21 junho, 2017

O luto e a luta

Miguel Guedes
(JN)

Hoje é o dia em que saímos do luto nacional com tudo por resolver. Findos que estão os três dias institucionais de dor, não há nada que tenha ficado diferente. Nem podia. Numa dor destas, o silêncio é das poucas companhias recomendáveis pela forma como nos propicia um tempo que seja. À distância de um oceano do país, a comoção sofre um verdadeiro bloqueio e embarga-se pelo choque. Vejo o país nas notícias por uma alegoria de inferno e somam-se os especialistas internacionais a explicar, à boleia da catástrofe, o que é isso do "dry lightning" ou trovoada seca. Pausa. Não há decreto que nos enterre o coração na areia quando a cabeça não pára para pensar. Não pode haver soluções enquanto o fogo caminha a passos de gigante, parecendo que voa. A luta começa agora.
A rendição absoluta de gratidão aos bombeiros que lutam e aos civis que ajudam. Isso e a pouca comiseração para quem tenta encontrar culpados em tempo de inferno. É impressionante a fogueira de vaidades e pouco tento que impele certas pessoas a abrir fracturas em tempo de terramoto. Para esses agentes sumários da punição, mais velozes do que o próprio vento que dá asas ao fogo a encontrar bodes expiatórios, não se limpam armas em tempo de guerra. E atacam, mesmo quando na paz podre de todos os invernos nunca os vi a deixar de dar beijinhos no dói-dói. À semelhança de quem tenta fazer notícia ao lado de um corpo carbonizado, aqueles que tentam encontrar culpados entre o sofrimento apenas descem mais um degrau do palco para onde imaginam estar a subir.
Pedrógão terá que ser o nosso público "ground zero". Nunca conseguimos trabalhar a propriedade privada da floresta que acaba por nos ser comum em catástrofe, nunca deixámos de ceder aos interesses e ao facilitismo. Sempre soubemos que a natureza não nos dá apenas pores-do-sol de excelência e nasceres do dia radiosos. A força natural da humanidade, de resto, não é impedir o seu curso.
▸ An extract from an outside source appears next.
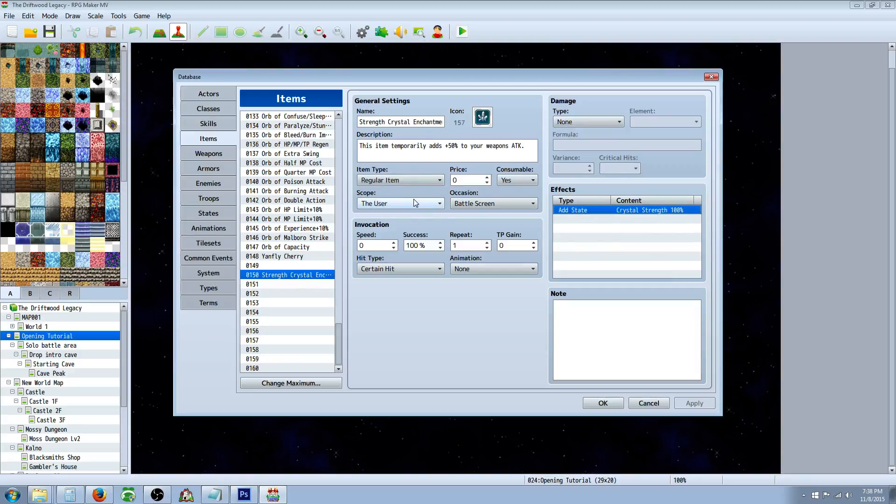So hopefully this answers your question on how to make temporary buffs. Basically, you're just theming an item. It could be a potion or anything else, but we're theming it.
Compete-nos criar as estratégias para a acomodar e antecipar na violência perante um conjunto disperso de propriedades avulso sem investimento e sem o mínimo de zelo, desertificação populacional num agregado de restos de país votados ao abandono. Sempre olhámos para a floresta numa visão-túnel onde lá ao longe se vislumbra uma saída clara. Mas quando lá chegamos, pela proximidade do simples andar da carruagem, só vemos que arde. E assim vamos, todos os anos, em típicos lamentos que ninguém leva a sério. Acredito que até agora.
Nota de RoP: 
Sei a quem se refere Miguel Guedes no sublinhado desta sua crónica, e subscrevo-o. Contudo, a margem de tolerância para os co-responsáveis por estas tragédias já ultrapassou todos os records. Mais do que os afectos do Presidente da República e as desculpas revoltantes do(s) Governo(s), o que realmente importa realçar é a morte de 64 pessoas e o sofrimento de todas as outras (feridos e familiares). A vida dos que morreram é irreversível. 
Se o Estado fizesse a sua parte, se em vez de andar a brincar literalmente com o fogo, encarasse este recorrente problema com a seriedade que ele merece, talvez tivesse reduzido estas mortes, pelo menos a metade. Esse sim, seria o maior gesto humanitário que podia ter, não só por estas vítimas, como pelas vítimas de tragédias antigas e as que vão acontecer no futuro. 

O verão só agora começou e, como está mais do que constatado, nada foi feito de relevante quanto ao ordenamento preventivo das matas e florestas. É o preço a pagar quando um país se contenta com governantes vulgares. São, de facto, todos iguais. Não temos hipótese.  

Nota-O sublinhado da crónica do Miguel é meu.